7.X has great improvements on fixing fragmentation and preventative measures to keep it from becoming an issue.
Remember: Fragmentation is NORMAL with any filesystem and isn't necessarily a problem. What fragmentation _does_ do is introduce latencies that can be detrimental to responsiveness... sometimes this can be felt (ie, it's a problem), sometimes it cannot be felt...
Glenn
-----Original Message----- From: owner-toasters@mathworks.com [mailto:owner-toasters@mathworks.com] On Behalf Of Lori Barfield Sent: Tuesday, March 07, 2006 10:57 PM To: toasters@mathworks.com Subject: Re: wafl scan reallocate
since toasters said it was harmless, just to find out what kind of fragmentation our normal activity creates, i ran wafl scan measure_layout on our busiest filer.
the volume is only about 3-4 months young, but it does get pretty full on a regular basis. here's the output that appeared in my messages file:
Tue Mar 7 15:16:36 PST [wafl.scan.start:info]: Starting WAFL layout measurement on volume vol1. Tue Mar 7 16:04:06 PST [wafl.scan.layout.advise:info]: WAFL layout ratio for volume vol1 is 1.26. A ratio of 1 is optimal.
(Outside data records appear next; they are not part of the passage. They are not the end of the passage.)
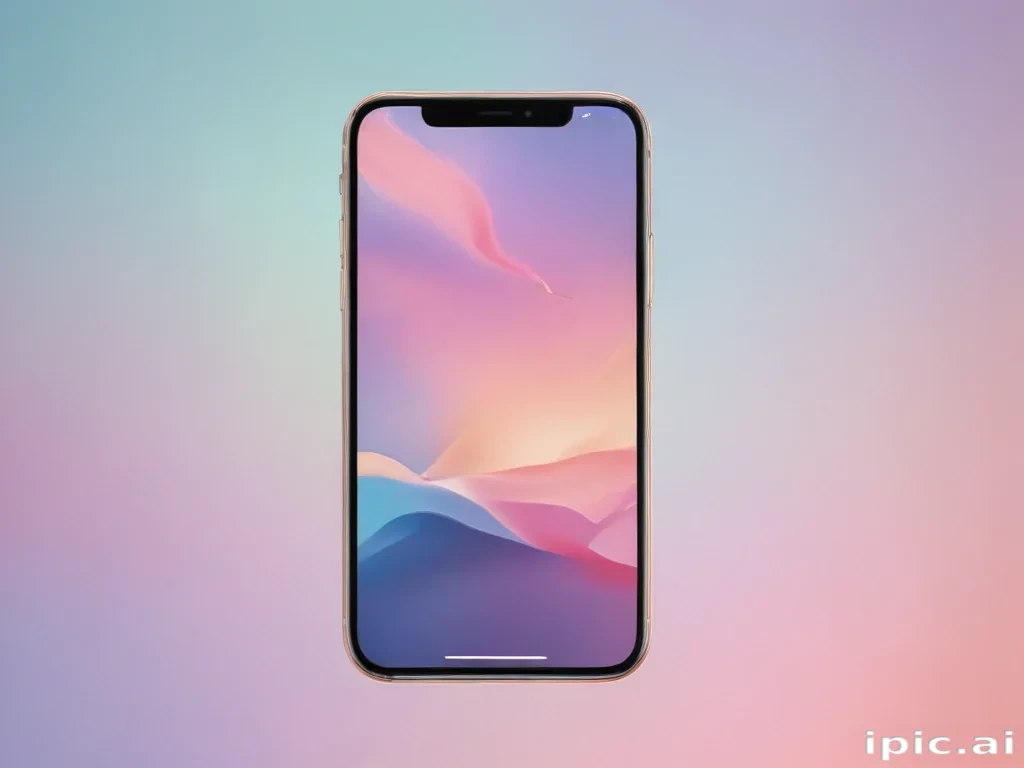 iphone pastel wallpaper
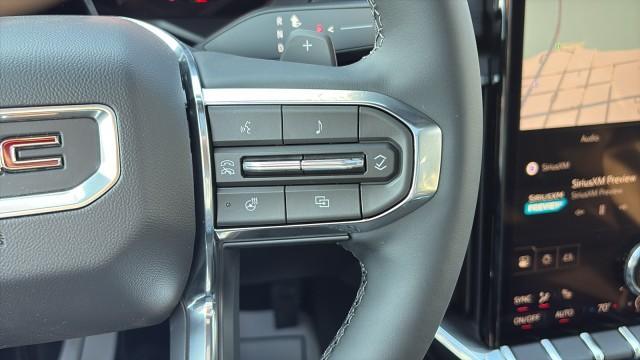 new 2026 GMC Acadia car, priced at $52,345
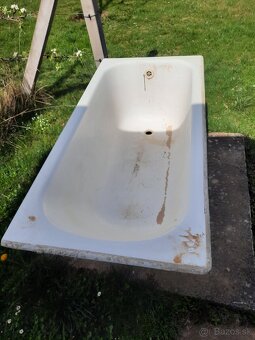 Liatinová vaňa - 2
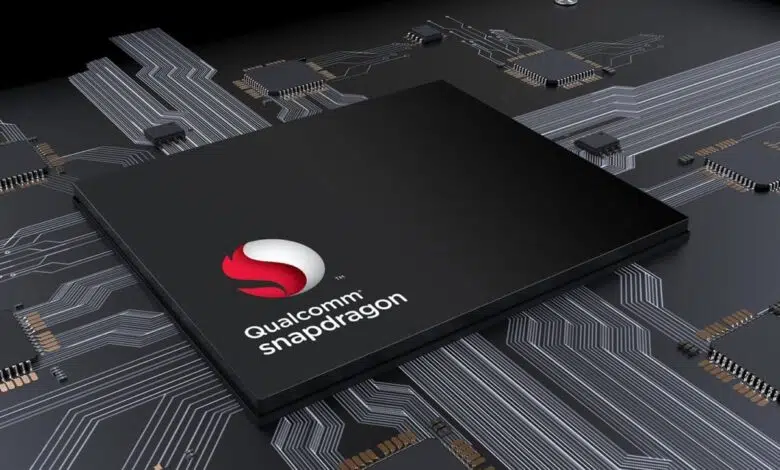 soc Snapdragon 480 5G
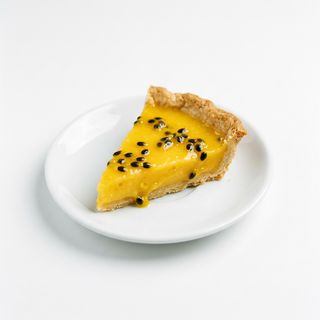 Pie De Maracuya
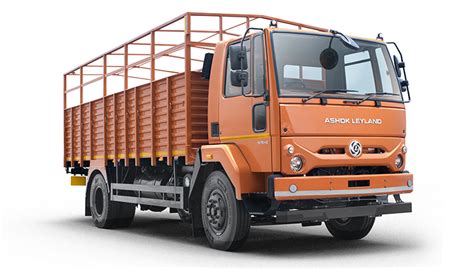 Ashok Leyland Launches All New Ecomet Star Truck Range In Icv Segment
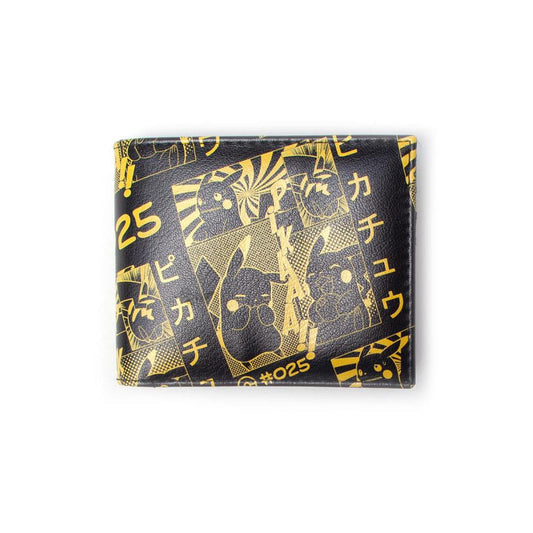 Pokémon Monedero Bifold Pikachu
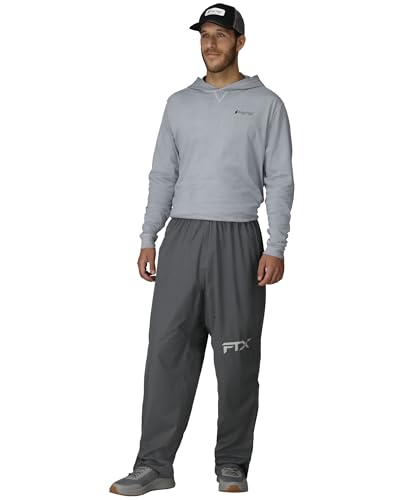 Image of FROGG TOGGS Men's Ftx Lite Waterproof Angler /Fishing Pant with Stretch Fabric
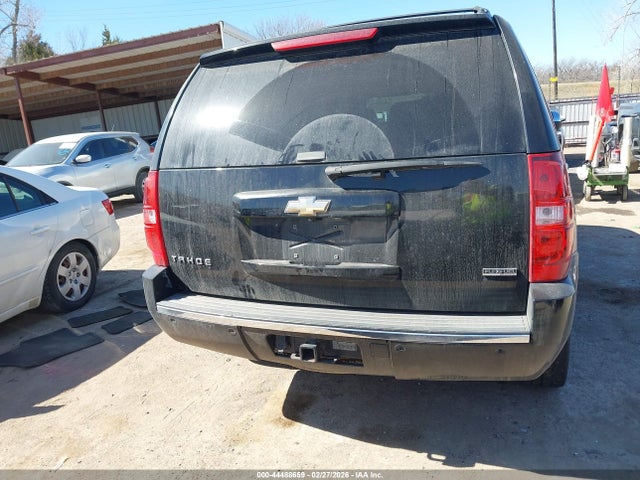 Продаж на аукціоні авто 2009 Chevrolet Tahoe Ltz, vin: 1GNFK33229R242565, номер лоту: 44488659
Based on your free space, 6.53 is expected.
i haven't read up on this at all yet...would someone like to interpret this for us wafl scan newbies?
...lori
On 3/7/06, Glenn Walker ggwalker@mindspring.com wrote:
Looks like you are doing pretty good...
Keep in mind, it's an average, so for specific data sets in the volume it may be much higher (or lower). Workload measurements (statit during specific operations) can tell you much more sometimes.
Filling the volume is typically a bad idea (tm) as WAFL will spend more time finding free space to write. If this is a flexvol and the aggr has tons of space available, this is not a concern.
7.X has great improvements on fixing fragmentation and preventative measures to keep it from becoming an issue.
Remember: Fragmentation is NORMAL with any filesystem and isn't necessarily a problem. What fragmentation _does_ do is introduce latencies that can be detrimental to responsiveness... sometimes this can be felt (ie, it's a problem), sometimes it cannot be felt...
thanks, glenn. can you tell us what this means?
Based on your free space, 6.53 is expected.
...lori
Hi Lori,
This may answer your question:
http://forums.netapp.com/searchresults.asp?pos=5&page=2&searchterm=w...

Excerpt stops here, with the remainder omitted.